Exercise details: Could you retype the whole listing word for word and drop the images?

Raw data:
◇ ◇ ◇ ◇ ◇

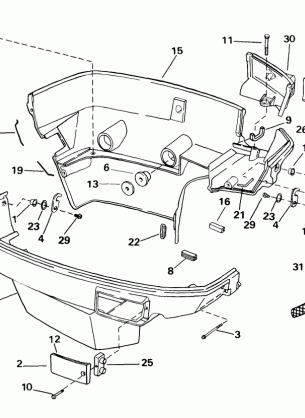 LOWER ENGINE COVER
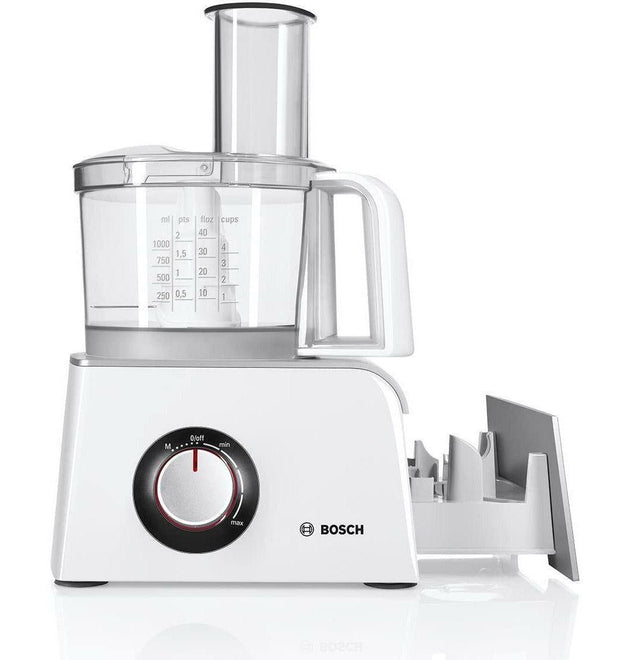 Bosch MCM4200 Powerful 800W Multi-Function Food Processor with Juicer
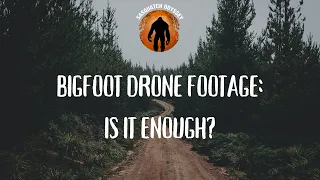 Are Drones The Answer To The Sasquatch Mystery?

◇ ◇ ◇ ◇ ◇

Task solution:
 LOWER ENGINE COVER
 Bosch MCM4200 Powerful 800W Multi-Function Food Processor with Juicer
 Are Drones The Answer To The Sasquatch Mystery?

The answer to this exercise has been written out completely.